> [Exercise description] Copy each line below holding "image".

Short descriptive text snippets:
■ ■ ■ ■ ■ ■ ■

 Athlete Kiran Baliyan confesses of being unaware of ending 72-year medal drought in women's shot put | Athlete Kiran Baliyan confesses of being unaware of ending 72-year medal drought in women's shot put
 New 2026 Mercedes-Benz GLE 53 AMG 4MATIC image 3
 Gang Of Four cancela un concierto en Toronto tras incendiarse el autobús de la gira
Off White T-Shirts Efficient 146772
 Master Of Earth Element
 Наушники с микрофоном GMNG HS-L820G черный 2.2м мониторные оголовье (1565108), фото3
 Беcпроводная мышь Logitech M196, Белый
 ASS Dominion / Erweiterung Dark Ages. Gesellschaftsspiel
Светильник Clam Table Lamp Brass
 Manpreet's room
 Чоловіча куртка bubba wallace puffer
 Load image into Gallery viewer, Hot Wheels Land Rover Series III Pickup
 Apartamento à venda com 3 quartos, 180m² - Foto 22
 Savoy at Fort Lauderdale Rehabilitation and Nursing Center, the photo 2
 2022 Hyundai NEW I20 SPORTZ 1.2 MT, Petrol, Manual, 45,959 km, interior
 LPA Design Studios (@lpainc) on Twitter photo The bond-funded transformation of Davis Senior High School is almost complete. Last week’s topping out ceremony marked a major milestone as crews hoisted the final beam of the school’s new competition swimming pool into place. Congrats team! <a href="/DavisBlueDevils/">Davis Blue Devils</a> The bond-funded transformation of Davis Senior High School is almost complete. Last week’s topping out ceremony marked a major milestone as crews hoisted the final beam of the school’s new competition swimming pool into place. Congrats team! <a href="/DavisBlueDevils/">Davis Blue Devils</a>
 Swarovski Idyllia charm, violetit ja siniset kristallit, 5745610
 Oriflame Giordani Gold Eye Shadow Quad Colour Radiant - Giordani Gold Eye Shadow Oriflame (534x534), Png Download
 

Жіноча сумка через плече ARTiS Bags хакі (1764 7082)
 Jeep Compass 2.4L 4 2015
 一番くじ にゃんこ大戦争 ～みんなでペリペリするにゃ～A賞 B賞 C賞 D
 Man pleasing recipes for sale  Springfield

■ ■ ■ ■ ■ ■ ■

> [Result of this task]
 New 2026 Mercedes-Benz GLE 53 AMG 4MATIC image 3
 Load image into Gallery viewer, Hot Wheels Land Rover Series III Pickup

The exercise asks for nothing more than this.